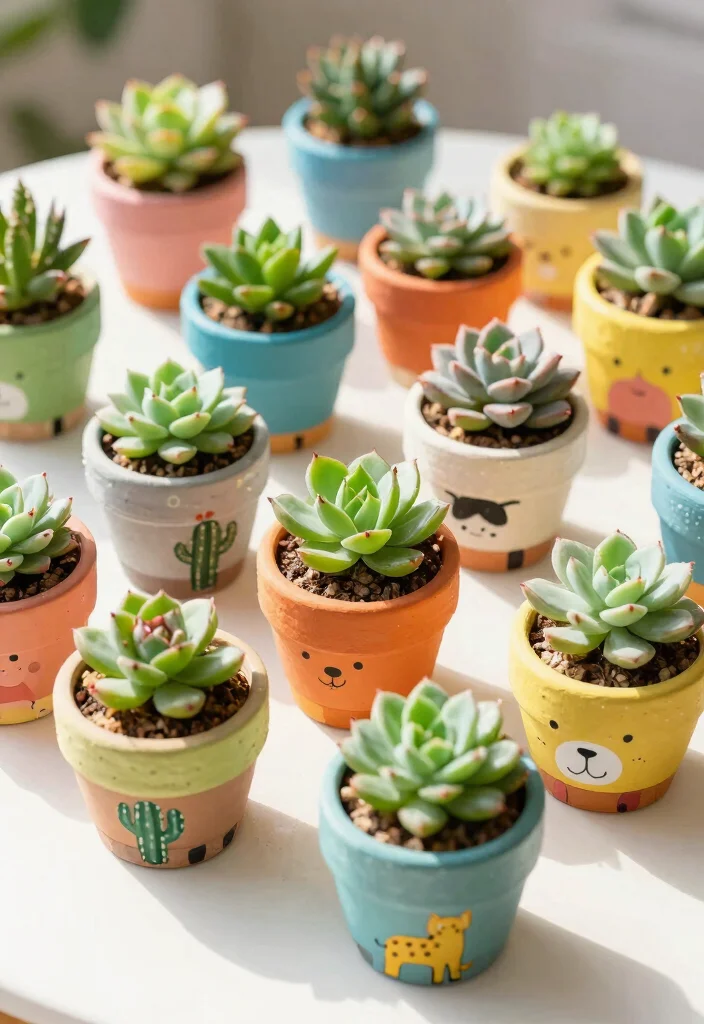 14 Painted Flower Pot Ideas That Actually Last Outdoors - 13. Succulent-Themed Painted Pots 1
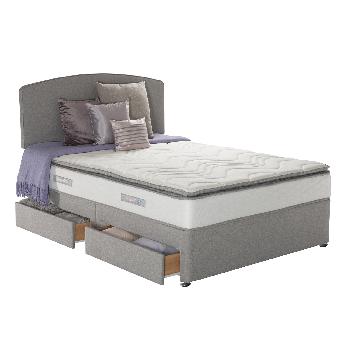 Sealy Duchess Zoned Cushion Top Pewter Divan Set 2 Drawers in King
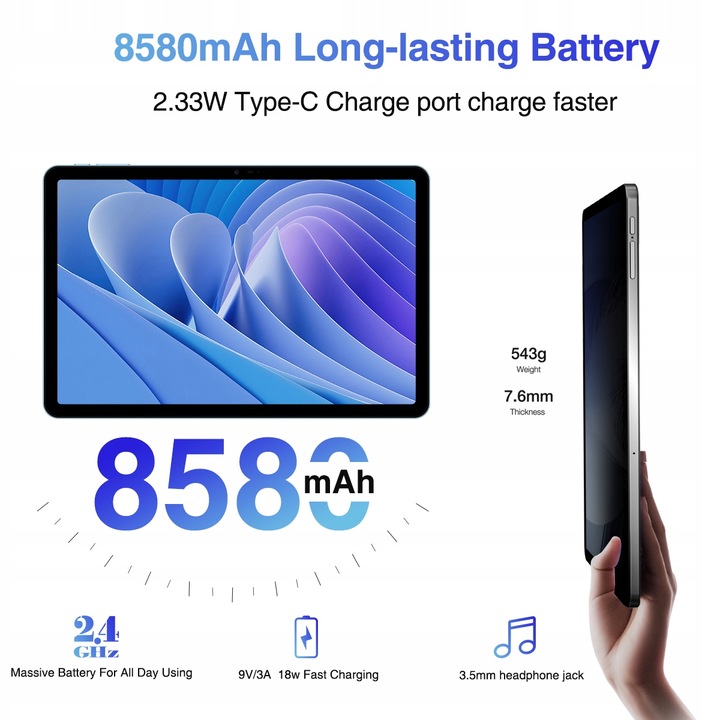 Tablet DOOGEE T30Pro 8GB / 256GB 11"IPS FHD 2K+8580mAh 20MP WIFI Android 13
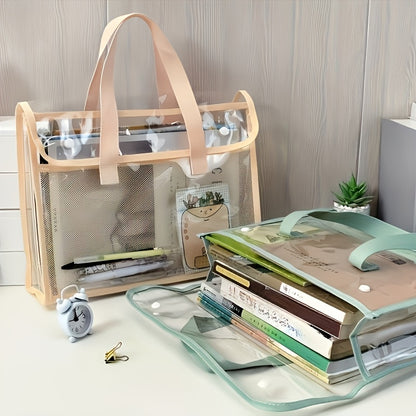 Transparent PVC File Organizer with Sturdy Handle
================================
Exercise prompt:
Without the pictures, retype exactly the lines from the one that holds "Sealy Duchess Zoned" to the last line of the data above, both of them included.

Task result:
 Sealy Duchess Zoned Cushion Top Pewter Divan Set 2 Drawers in King
 Tablet DOOGEE T30Pro 8GB / 256GB 11"IPS FHD 2K+8580mAh 20MP WIFI Android 13
 Transparent PVC File Organizer with Sturdy Handle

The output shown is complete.